*Task objective*: Exactly the lines from the one with "南京足球队的团队协作精神探讨与实践分享" through the end of the data below must be set down, and no pictures with them.

*Captioned web images*:
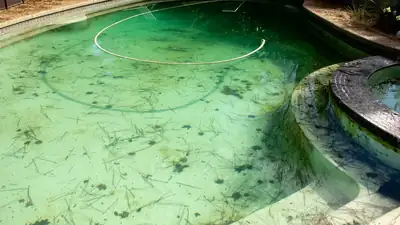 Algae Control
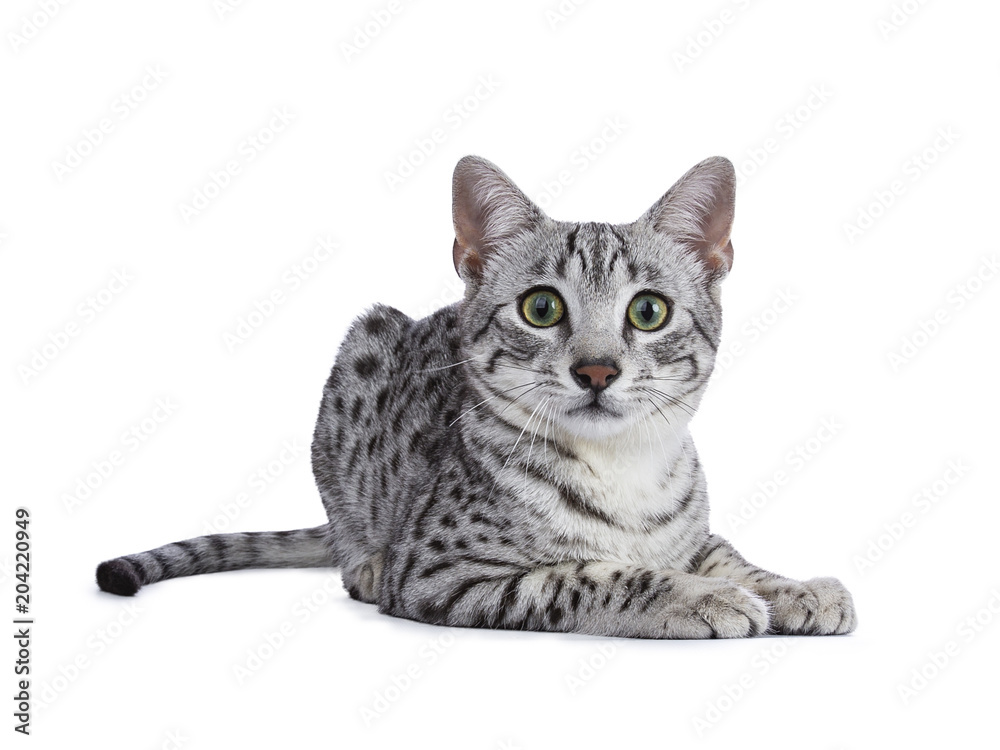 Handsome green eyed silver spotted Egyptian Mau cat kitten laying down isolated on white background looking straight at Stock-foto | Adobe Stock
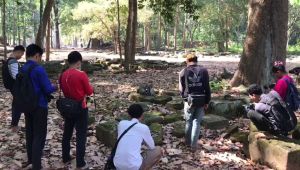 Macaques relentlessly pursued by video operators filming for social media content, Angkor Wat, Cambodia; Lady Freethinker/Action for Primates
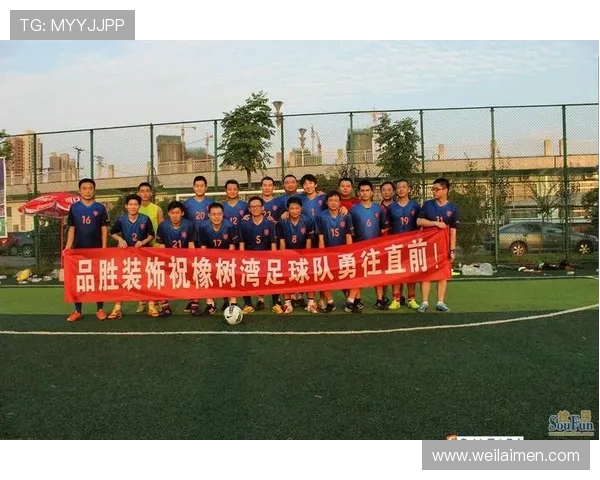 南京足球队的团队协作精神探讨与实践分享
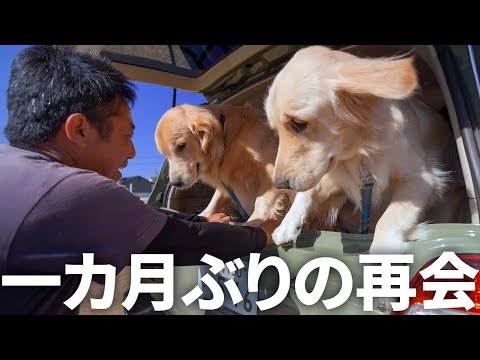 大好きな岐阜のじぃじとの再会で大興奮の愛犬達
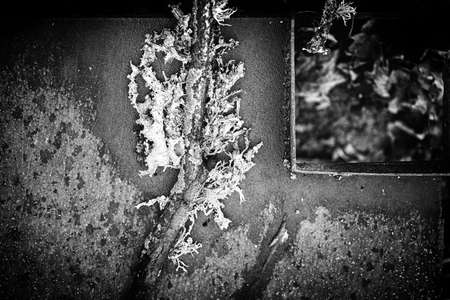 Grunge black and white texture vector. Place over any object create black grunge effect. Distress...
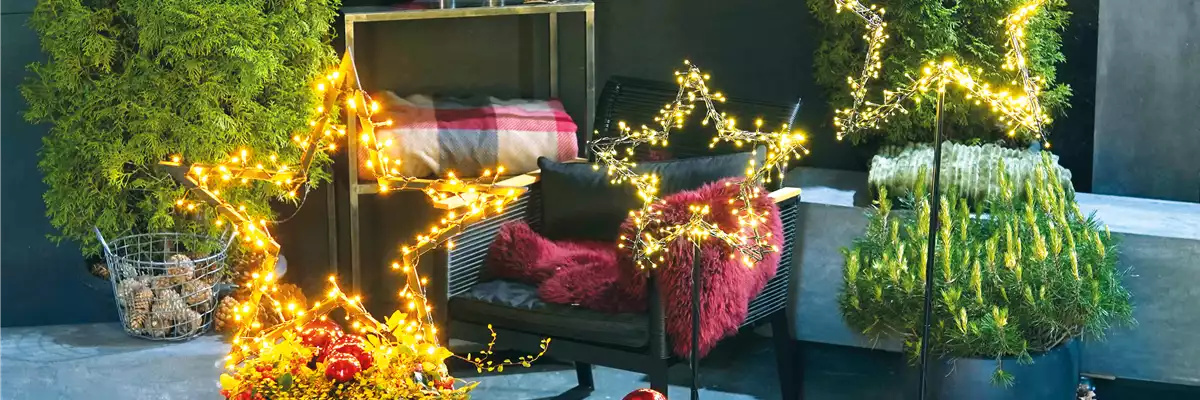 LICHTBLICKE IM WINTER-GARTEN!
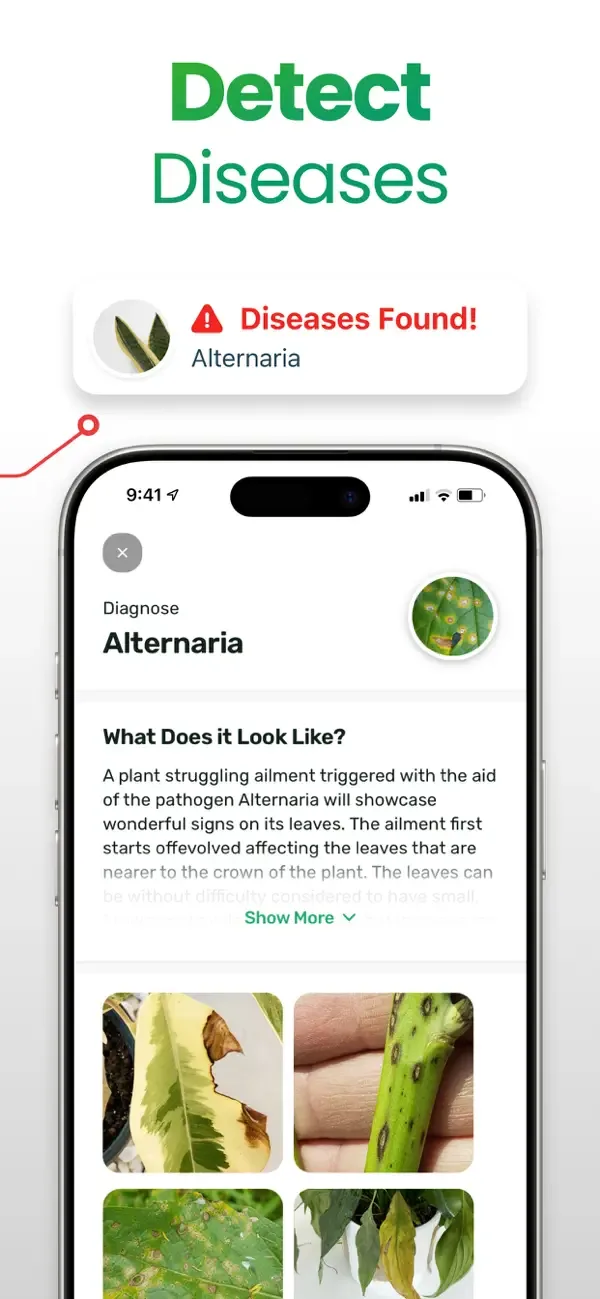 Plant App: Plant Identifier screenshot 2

*Response*:
 南京足球队的团队协作精神探讨与实践分享
 大好きな岐阜のじぃじとの再会で大興奮の愛犬達
 Grunge black and white texture vector. Place over any object create black grunge effect. Distress...
 LICHTBLICKE IM WINTER-GARTEN!
 Plant App: Plant Identifier screenshot 2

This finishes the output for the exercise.